Hacker News new | ask | show | jobs
by peteforde 643 days ago
Really cool to see my favs show up, but I honestly don't understand what we're actually looking at; the groupings seem very opaque beyond very general themes like sci-fi, startups, biographies, math, physics.

In other words, what are the clustering shapes telling us? Can we dig in based on geography, publishing date, key terms or themes?

Either way, I can't keep the site open for more than 30-40 seconds before it crashes. I suspect that's not the goal!

Is Cryptonomicon the best fiction book, or is the data wrong?

3 comments

There's a sort of regular repeating confusion with embeddings that they're very well behaved in visual dimensions.

IMHO it's a category error that results from tutorials using the king + female = queen example (which, funnily enough, wasn't even true for the original word2vec, if commentary I've read previously here is correct).

Working with them a lot has me picture them more as "a multivariate function that outputs 768 numbers, and was learned by brute force" than "something that sees in 768 dimensions" --- of course, they're both true, but the second interpretation shades more than it illuminates once you're past the very first interrogatory of "so what is this calculating, exactly?"

How behaved they are visually depends on what drives variance and what you’re hoping to see.
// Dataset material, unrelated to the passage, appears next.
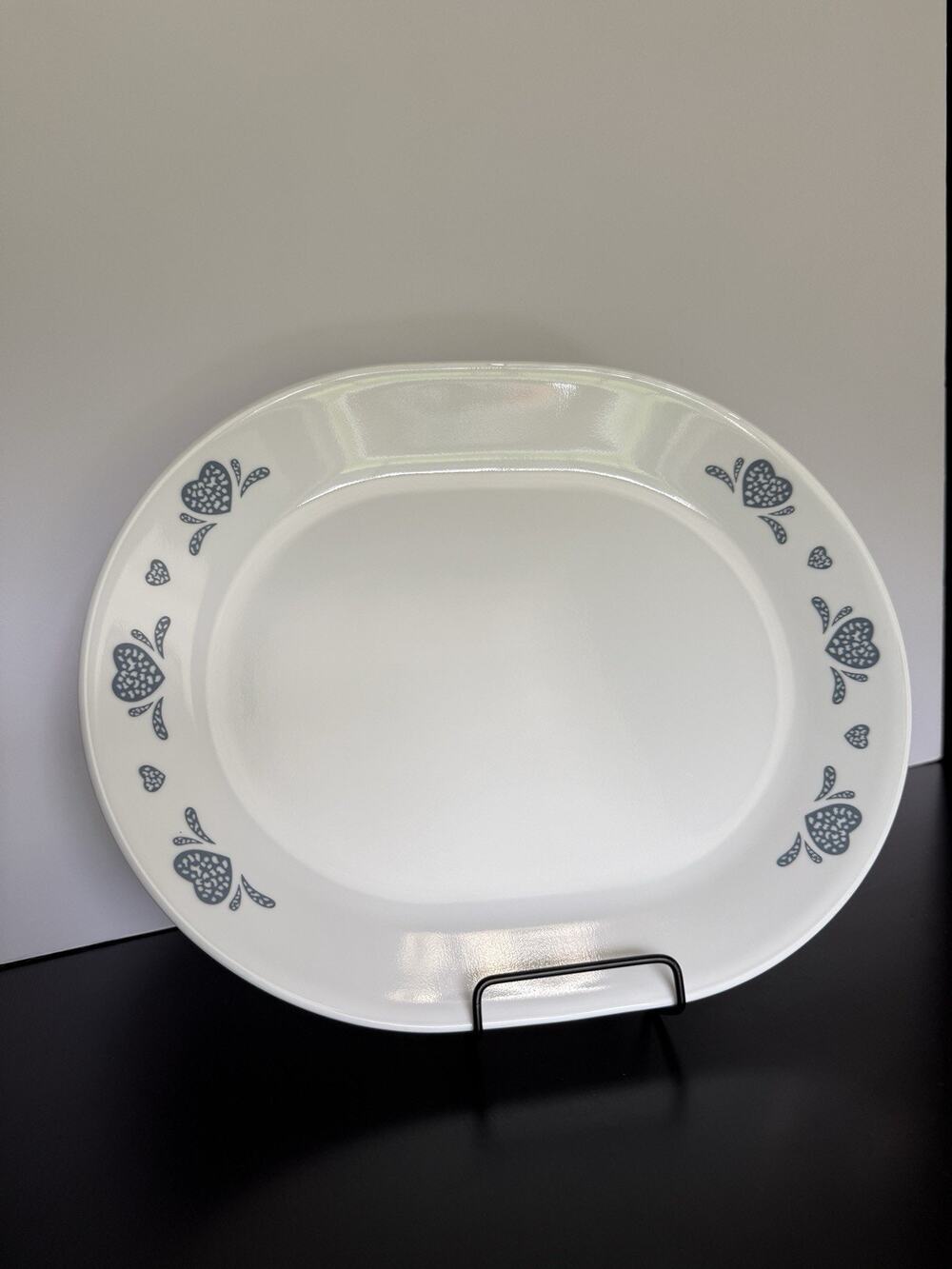 Vintage Corelle Country Cottage Blue Hearts Oval Serving Platter 10 x 12.25”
There are certainly some nice properties in some dimensionality reductions, but if you flatten a space of faces it’s less likely that you’ll get the property of “brown hair” as a query embedded in any visually interesting way than actually putting in a face as a query.

More clearly, symmetric retrieval is easier to visualize in a dimensionality reduced space than asymmetric retrieval.
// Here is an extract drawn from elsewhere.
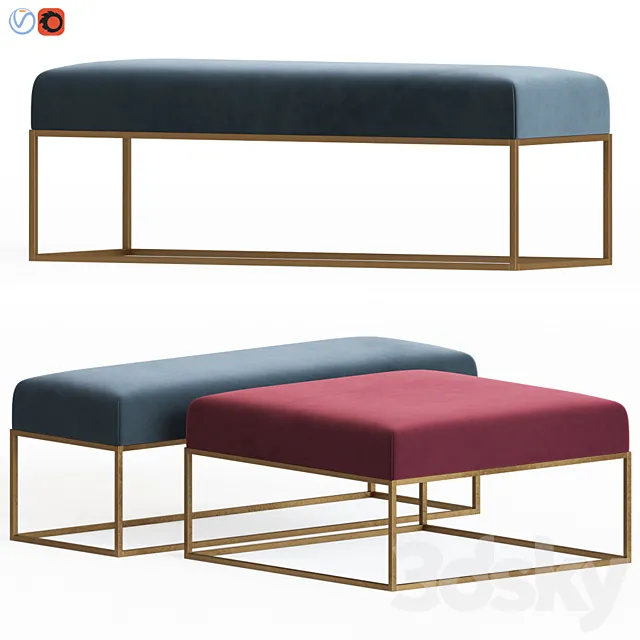 Westelm Box Frame Upholstered Bench & Ottoman 3D Model Westelm Box Frame Upholstered Bench & Ottoman 3D Model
I suspect that some form of multi vector document embedding would be more understandable in the reduced space than this single vector representation.
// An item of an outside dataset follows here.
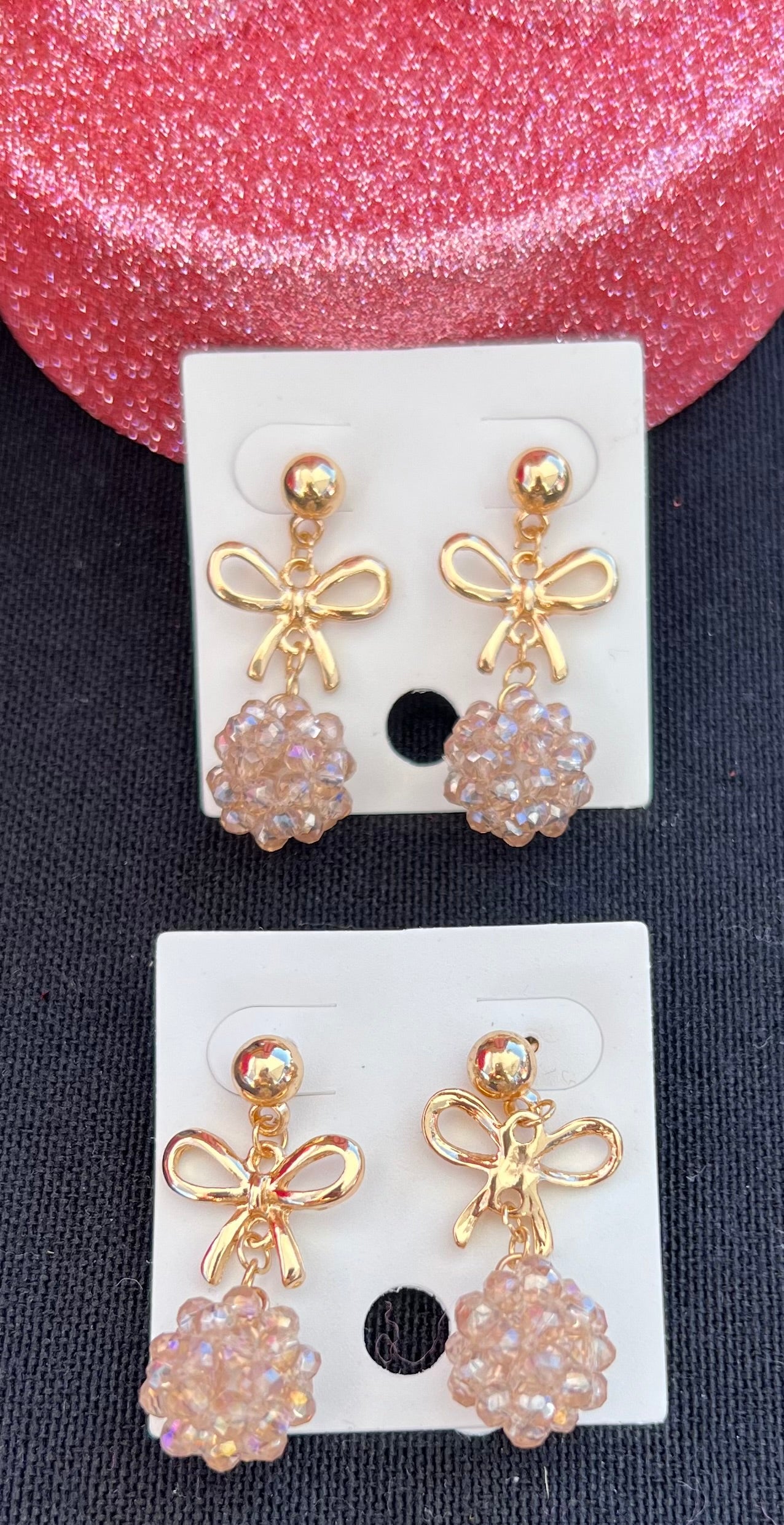 Gold Bow Beaded Dangle Earrings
The crash was indeed not intended - my mistake! Should be fixed now.

You've got the cluster semantics spot on, to be honest. Broad genres are grouped together, with a tendency for sub-genres to be grouped locally within those.

There is no interpretation of the overall shapes or the global structure, those are more a result of a particular UMAP run than inherent in the data.

Would love to provide different views on it and go more in depth next, thanks for the suggestion.

IMO, evolution over time is a great place to start.
> Either way, I can't keep the site open for more than 30-40 seconds before it crashes.

Yup, probably was about to happen to me too, had I not closed it.

CPU fan almost launched off the troposphere about 30 seconds in.

Probably a cluttered bunch of heavily unoptimized ReactJS modules in there (no offense to OP, I know it probably sped up development by 10x at least)

Nope, hug of death is seems:

Failed to load module script: Expected a JavaScript module script but the server responded with a MIME type of "text/html". Strict MIME type checking is enforced for module scripts per HTML spec.

Ad infinitum for a list of a couple .js files with repeating names.

Guess we'll have to come back in a day or two to experience it in it's full glory :).

Hey, thanks for reporting - this is fixed now. I messed up the static build and some browsers freaked out. By law of showing things publicly, I of course only tested in a browser that didn't. Hope you can give it another chance!